- Genesis and Cable as depicted in Cable #19 (January 1995). Art by Steve Skroce.

Publication information
- Publisher: Marvel Comics
- First appearance: As Tyler: X-Force #1 (August 1991) As Mr. Tolliver: X-Force #5 (December 1991) As Genesis: Cable #19 (January 1995)
- Created by: Fabian Nicieza (writer) Rob Liefeld (artist)

In-story information
- Alter ego: Tyler Dayspring
- Species: Human mutant
- Team affiliations: Askani Clan Chosen
- Notable aliases: Mr. Tolliver, The Other
- Abilities: Could project solid holograms of memories of others, advanced knowledge of technology

= Genesis (Marvel Comics) =

Genesis (Tyler Dayspring) is a fictional character appearing in Marvel Comics. He was a mutant and recurring foe of Cable and Wolverine. He first appeared in a flashback in X-Force #1 (August 1991), and appeared as Mister Tolliver in X-Force #5 (1992) and his first appearance as Genesis was in Cable #19. Some sources state that he is Cable's son, while others claim that he is the son of Stryfe.

==Fictional character biography==
Tyler Dayspring is the son of Nathan Summers and Aliya Dayspring, and was born 2,000 years in an alternate future. As a teenager, Tyler is abducted by the villain Stryfe and manipulated into joining his service. He captures Dawnsilk, a friend of Nathan, as a hostage. Seeing no other solution, Nathan shoots Tyler, freeing Dawnsilk. Tyler survives, but is embittered at Nathan for shooting him.

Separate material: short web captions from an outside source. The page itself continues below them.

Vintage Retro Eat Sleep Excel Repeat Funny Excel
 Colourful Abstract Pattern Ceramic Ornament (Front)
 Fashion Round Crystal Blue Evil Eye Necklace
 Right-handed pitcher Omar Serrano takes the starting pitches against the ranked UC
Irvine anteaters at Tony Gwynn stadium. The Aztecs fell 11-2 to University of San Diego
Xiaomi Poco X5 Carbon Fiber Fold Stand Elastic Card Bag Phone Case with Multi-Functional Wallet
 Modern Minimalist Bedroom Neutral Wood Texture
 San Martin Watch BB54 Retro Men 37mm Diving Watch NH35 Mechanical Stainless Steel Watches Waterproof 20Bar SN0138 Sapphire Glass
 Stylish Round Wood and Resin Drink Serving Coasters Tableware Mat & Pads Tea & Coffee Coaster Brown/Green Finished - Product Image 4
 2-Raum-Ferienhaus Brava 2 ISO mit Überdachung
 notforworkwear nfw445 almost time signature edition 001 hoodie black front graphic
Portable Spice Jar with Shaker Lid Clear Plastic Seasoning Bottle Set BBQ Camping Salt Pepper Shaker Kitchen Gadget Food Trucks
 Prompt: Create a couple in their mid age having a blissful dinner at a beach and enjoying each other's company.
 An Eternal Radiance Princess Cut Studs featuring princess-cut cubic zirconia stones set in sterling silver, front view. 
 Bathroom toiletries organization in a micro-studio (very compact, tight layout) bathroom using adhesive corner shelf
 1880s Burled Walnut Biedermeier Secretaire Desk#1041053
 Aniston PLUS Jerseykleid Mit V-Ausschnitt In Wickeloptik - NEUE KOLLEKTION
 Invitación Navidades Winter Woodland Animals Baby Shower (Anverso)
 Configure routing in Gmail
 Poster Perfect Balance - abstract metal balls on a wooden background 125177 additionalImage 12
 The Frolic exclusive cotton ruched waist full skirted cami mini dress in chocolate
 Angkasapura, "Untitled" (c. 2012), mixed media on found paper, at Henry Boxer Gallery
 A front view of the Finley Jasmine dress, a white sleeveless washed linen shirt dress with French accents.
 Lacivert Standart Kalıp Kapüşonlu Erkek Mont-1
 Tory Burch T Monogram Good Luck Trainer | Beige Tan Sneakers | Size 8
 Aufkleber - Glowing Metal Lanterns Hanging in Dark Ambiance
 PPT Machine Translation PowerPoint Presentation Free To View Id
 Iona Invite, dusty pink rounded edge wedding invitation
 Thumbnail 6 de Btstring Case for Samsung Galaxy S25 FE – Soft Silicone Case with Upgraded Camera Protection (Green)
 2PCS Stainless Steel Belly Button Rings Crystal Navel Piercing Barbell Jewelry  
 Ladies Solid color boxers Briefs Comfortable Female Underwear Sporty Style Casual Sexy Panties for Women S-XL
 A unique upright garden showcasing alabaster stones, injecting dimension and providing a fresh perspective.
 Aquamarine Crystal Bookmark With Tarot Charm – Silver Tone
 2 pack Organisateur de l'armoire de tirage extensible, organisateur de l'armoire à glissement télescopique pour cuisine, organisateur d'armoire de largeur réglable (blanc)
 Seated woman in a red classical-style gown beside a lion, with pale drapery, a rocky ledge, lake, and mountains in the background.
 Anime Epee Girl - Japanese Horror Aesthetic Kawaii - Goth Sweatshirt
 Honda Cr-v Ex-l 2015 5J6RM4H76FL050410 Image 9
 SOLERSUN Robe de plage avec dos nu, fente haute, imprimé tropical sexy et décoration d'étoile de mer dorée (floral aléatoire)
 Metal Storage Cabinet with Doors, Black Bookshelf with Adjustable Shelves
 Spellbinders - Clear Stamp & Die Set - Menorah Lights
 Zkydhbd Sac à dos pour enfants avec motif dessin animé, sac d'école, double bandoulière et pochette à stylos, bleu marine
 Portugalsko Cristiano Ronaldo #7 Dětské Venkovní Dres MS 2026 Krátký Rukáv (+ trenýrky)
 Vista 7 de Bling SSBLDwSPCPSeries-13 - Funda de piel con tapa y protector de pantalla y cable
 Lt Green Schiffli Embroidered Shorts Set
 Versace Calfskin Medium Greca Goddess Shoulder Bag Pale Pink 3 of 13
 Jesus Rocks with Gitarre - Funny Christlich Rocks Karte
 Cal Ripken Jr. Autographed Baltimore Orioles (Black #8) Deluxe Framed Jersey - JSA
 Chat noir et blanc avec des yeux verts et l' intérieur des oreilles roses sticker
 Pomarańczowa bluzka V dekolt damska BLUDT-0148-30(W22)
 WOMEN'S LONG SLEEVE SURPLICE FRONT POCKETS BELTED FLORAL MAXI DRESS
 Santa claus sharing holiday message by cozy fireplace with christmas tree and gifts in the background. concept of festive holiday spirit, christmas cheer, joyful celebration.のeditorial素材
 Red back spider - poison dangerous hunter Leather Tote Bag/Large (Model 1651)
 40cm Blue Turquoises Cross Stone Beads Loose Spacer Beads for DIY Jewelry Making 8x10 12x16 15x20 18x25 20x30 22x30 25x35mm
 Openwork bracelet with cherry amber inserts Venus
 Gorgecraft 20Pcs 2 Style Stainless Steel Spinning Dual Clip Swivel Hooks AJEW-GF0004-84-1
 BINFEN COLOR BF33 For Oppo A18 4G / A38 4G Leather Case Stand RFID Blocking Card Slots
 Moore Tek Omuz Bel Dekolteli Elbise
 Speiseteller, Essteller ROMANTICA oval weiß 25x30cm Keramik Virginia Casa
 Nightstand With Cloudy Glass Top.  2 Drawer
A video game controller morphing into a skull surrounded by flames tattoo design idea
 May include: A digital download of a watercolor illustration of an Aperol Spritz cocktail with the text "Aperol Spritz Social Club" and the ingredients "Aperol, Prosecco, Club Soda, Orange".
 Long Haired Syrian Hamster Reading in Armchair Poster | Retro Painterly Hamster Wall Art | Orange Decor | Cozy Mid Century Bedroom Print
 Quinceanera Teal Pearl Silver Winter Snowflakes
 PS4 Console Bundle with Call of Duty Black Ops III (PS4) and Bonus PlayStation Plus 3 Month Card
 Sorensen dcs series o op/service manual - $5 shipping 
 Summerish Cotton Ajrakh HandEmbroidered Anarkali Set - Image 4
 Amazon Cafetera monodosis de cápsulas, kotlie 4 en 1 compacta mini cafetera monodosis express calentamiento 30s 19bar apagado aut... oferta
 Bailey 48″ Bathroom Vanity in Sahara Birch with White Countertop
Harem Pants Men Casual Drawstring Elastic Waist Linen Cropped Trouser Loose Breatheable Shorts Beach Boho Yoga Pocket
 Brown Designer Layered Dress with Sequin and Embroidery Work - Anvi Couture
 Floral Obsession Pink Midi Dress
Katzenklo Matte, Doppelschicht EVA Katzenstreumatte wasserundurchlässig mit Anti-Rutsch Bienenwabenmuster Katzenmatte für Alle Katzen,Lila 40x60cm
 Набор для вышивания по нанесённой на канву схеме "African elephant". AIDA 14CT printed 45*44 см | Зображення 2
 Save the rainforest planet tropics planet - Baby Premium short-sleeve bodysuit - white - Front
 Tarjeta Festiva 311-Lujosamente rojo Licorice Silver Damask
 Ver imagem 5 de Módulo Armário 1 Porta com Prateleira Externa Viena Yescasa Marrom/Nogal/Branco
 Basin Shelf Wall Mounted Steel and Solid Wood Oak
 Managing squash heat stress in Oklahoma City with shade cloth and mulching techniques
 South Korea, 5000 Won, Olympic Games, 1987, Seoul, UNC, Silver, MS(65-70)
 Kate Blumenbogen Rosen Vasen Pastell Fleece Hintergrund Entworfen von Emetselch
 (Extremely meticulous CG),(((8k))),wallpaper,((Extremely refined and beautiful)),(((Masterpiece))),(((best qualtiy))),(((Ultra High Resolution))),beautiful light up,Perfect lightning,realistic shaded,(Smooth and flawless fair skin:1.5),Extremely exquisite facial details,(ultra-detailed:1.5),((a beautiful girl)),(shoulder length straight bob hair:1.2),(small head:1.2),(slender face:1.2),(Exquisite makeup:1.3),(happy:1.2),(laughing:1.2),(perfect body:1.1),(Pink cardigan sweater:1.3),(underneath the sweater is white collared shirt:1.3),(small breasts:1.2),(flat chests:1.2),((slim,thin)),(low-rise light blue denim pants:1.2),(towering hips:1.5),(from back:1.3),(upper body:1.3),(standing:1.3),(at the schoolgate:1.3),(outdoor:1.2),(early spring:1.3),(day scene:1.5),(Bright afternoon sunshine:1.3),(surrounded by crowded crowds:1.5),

Tyler arrives in the present day and establishes the identity of "Tolliver", a masked merchant. Seeking revenge against his father, now known as Cable, Tyler hires the Six Pack and sends them to battle Stryfe. This mission results in the Six Pack disbanding and most of the members hating Cable afterwards.

After Tyler is apparently killed in a helicopter explosion, various mercenaries begin searching for his legacy, known only as the ultimate weapon. The weapon turns out to be the futuristic android Zero.

Tyler is later revealed to have survived. Now working with Zero, he discovers that Stryfe is a clone of Cable. He reveals this knowledge to Cable, who has been possessed by Stryfe. Hurt by this revelation, Stryfe is apparently killed, freeing Cable from his control.

Under his "Genesis" identity, Tyler considers himself the new heir of Apocalypse and chooses Wolverine to turn into a Horseman of Apocalypse. He attempts to erase Wolverine's mind and restore his adamantium skeleton, but is unsuccessful. Wolverine reverts to a feral state and kills Genesis.

==Reception==
In 2018, CBR.com ranked Genesis 2nd in their "8 X-Men Kids Cooler Than Their Parents (And 7 Who Are Way Worse)" list.

==In other media==
- Tyler Dayspring appears in X-Men: The Animated Series, voiced by Stuart Stone.
- An action figure of Genesis was produced by Toy Biz as part of the X-Men/X-Force line.
- Genesis appears as a playable character in the HeroClix game system.